I unfortunately don't have any older Starrett tap wrenches to compare these new ones with. That being said, the 91A is definitely little smoother than the 91B. The seller of the 91B said these were seconds:

*"Purchased directly from Starrett as "cosmetic" seconds.

The tool that you receive may have a minor scratch and/or a mark or 2.*


So that might explain why the 91A is a little smoother. Now, comparing the 91A and 91B to the other ones I had, the 91A and 91B are substantially better in every way possible (fit, finish, smoothness, etc.).


----------



## precisionworks (Dec 31, 2013)

> ... unfortunately don't have any older Starrett tap wrenches to compare these new ones with.

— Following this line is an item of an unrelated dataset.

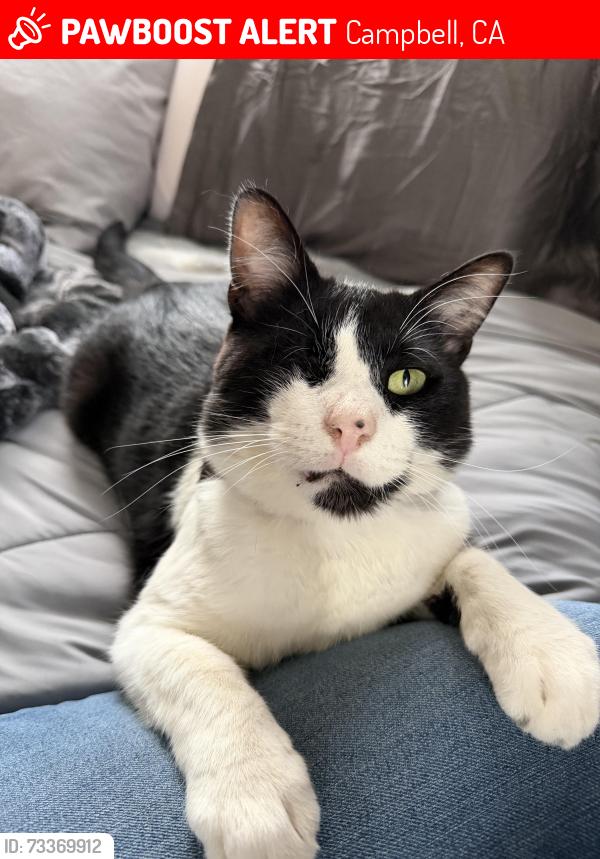 Lost Male Cat last seen Near Sunnybrook Ct, Campbell, CA 95008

A little time & money on eBay will take care of that 







This Starrett 172A arrived yesterday, lightly covered in rust preventive oil, perfect in every aspect I could see or measure ... using a 5-digit Mitu mic showed each leaf was no more than half a tenth off the marked number. Fixed end of handle is riveted & there's a solid spacer that sets the inside width. Pivot end uses a machined/knurled/blued knob that threads into a machined nut that's captured on the back side. Certainly the nicest & best made thickness gage in the shop. About $30, roughly twice as much as anything else available. Worth every penny.

I'd rather buy & use old Starrett than anything else new. Couldn't find an old 172A with a decent .0015" leaf (they're easy to destroy) so had to buy a new one. New Starrett sometimes isn't as butter smooth as old but it's still superior to most everything else.


----------